# A HUGE raccoon!



## Ardie/WI (May 10, 2002)

We have one that is so large that it wouldn't fit in our trap! And, it's the biggest trap that we've seen.

Neither of us can shoot well otherwise it would be gone.

We can't poison it because of our outside cats.

Any ideas?

(Gosh that darn thing is big and mean!).


----------



## Bearfootfarm (Jul 13, 2006)

> We have one that is so large that it wouldn't fit in our trap!


Hav-a-Hart makes traps big enough for large ***** and small sized dogs.

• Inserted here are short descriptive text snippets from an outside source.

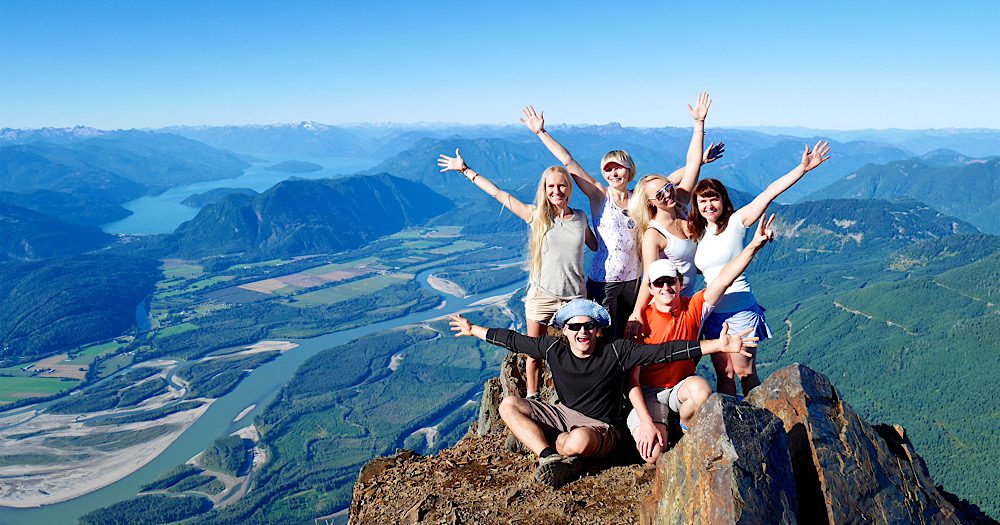 How to make the most of your next famil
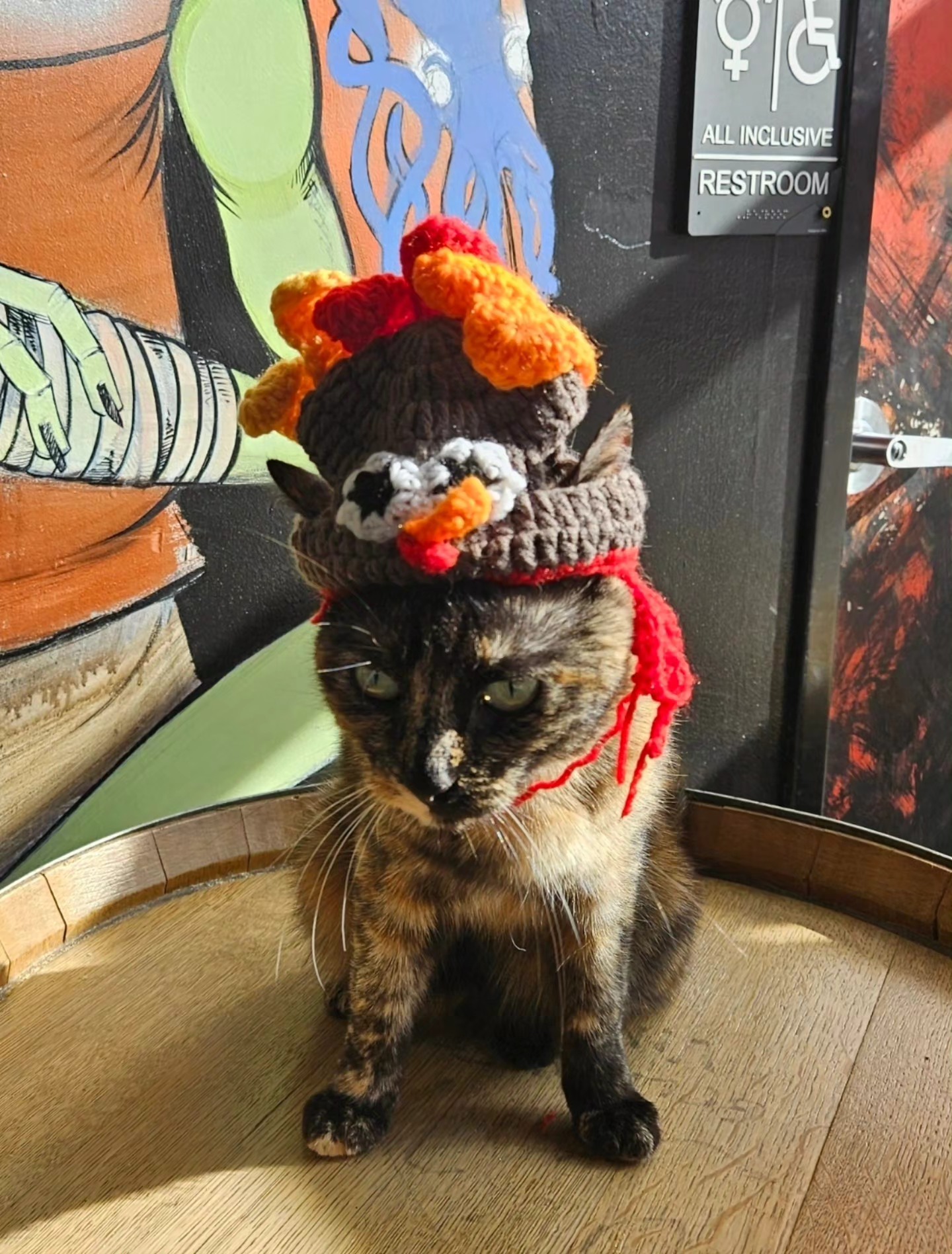 Transplants Brewing Company Palmdale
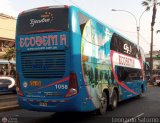 Ecosem H. 1058 Marcopolo Paradiso G7 1800DD Scania K440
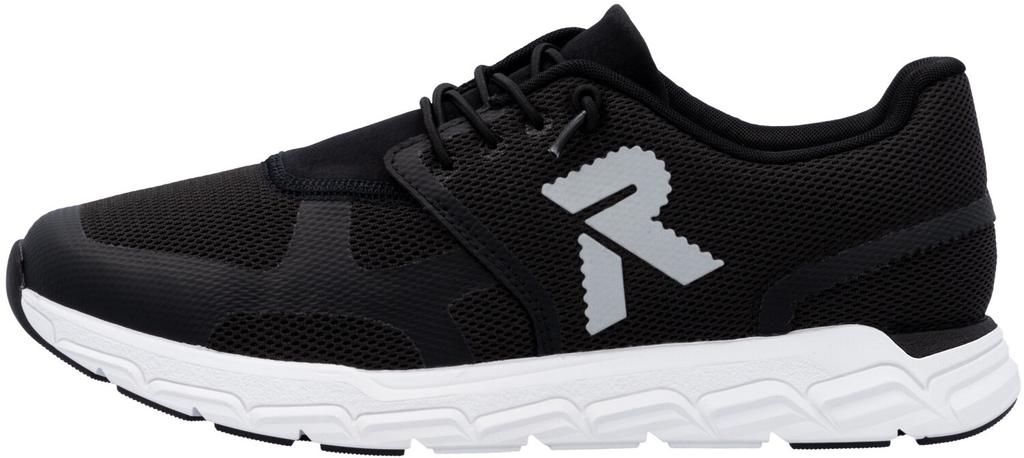 Rieker M9000 Black Sneakers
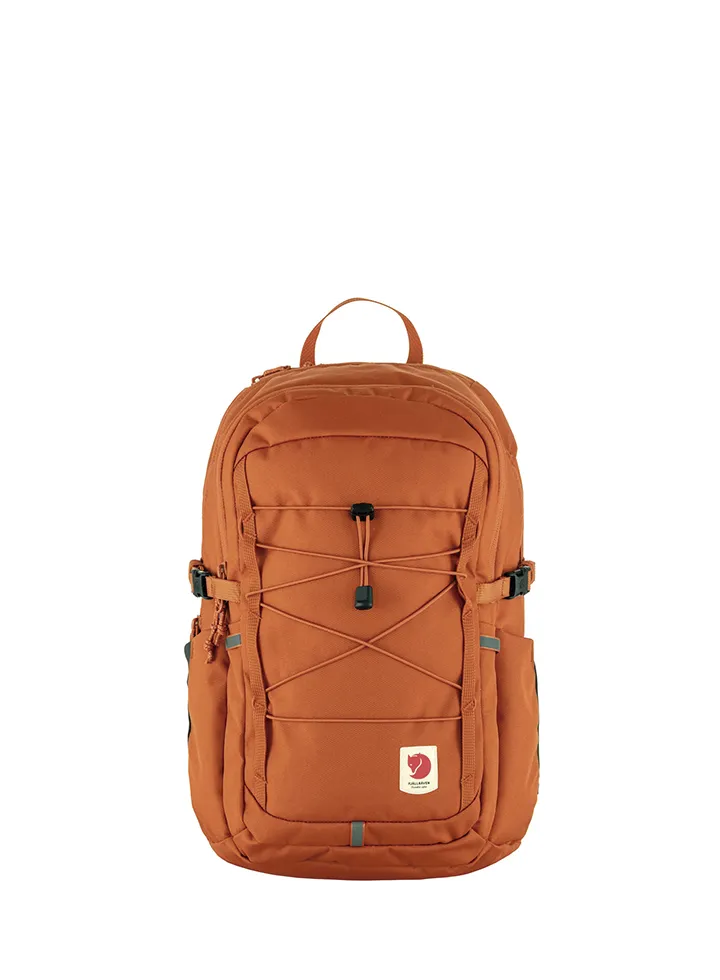 fjallraven_mochila_skule_20_23349-243_terracota_brown_badalona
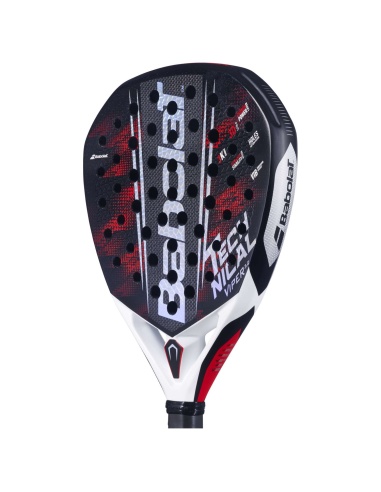 Babolat Technical Viper 3.0 2026 | Racchetta Padel Potenza Estrema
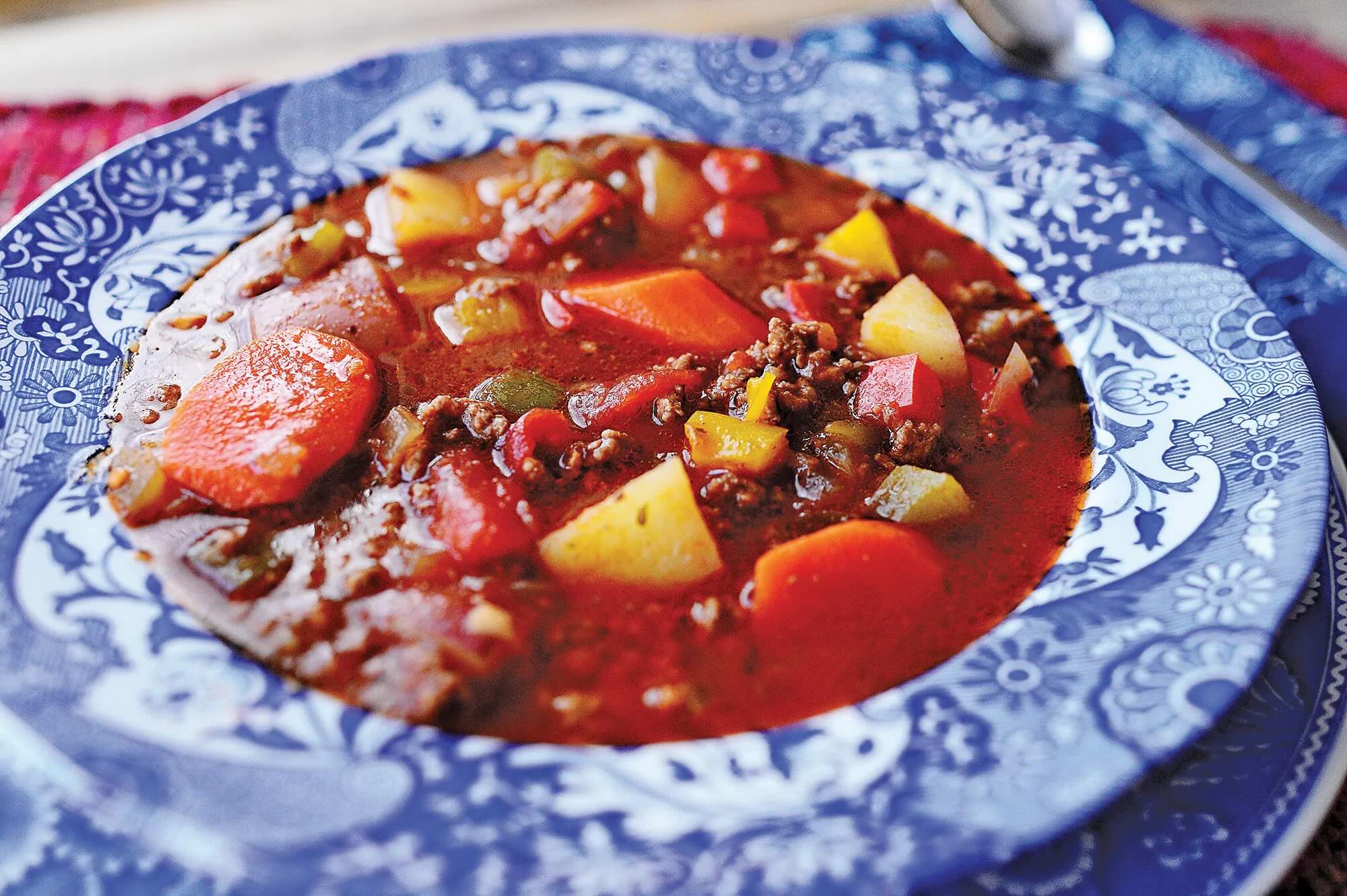 hamburger-soup-recipe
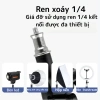 Gậy livestream 3 chân xoay 360 độ, chụp ảnh quay video, giá chỉ 79.000₫ 9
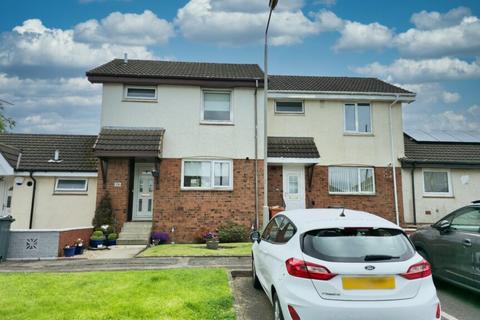 2 bedroom terraced house for sale, Martyrs Place Bishopbriggs G64 1UF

http://www.havahart.com/store/live-animal-traps/1081


----------



## Roadking (Oct 8, 2009)

Had a wild cat going beserk one day outside. Trap was a no go, back in the development days, so no shooting possible.
Took a piece of conduit and long rope; made lasso out of rope and fed other end thru conduit. opened lasso, one hand on conduit (rod) one on the rope, slid rope over head and pulled the lasso tight (enough to hold it and toss it in a cage, not strangle it).
Learned that when I volunteered at the SPCA in high school.
Matt


----------



## arcticow (Oct 8, 2006)

Maybe ask if any local fox or coyote hunters have a trap big enuff ?


----------



## WstTxLady (Mar 14, 2009)

Try these, nothing else but a **** (any size) will trigger it & they will NOT get away.

http://www.duketraps.com/dp_coon_trap.JPG

http://www.duketraps.com/ has them


----------



## big rockpile (Feb 24, 2003)

I would try Lil Griz Trap.

big rockpile


----------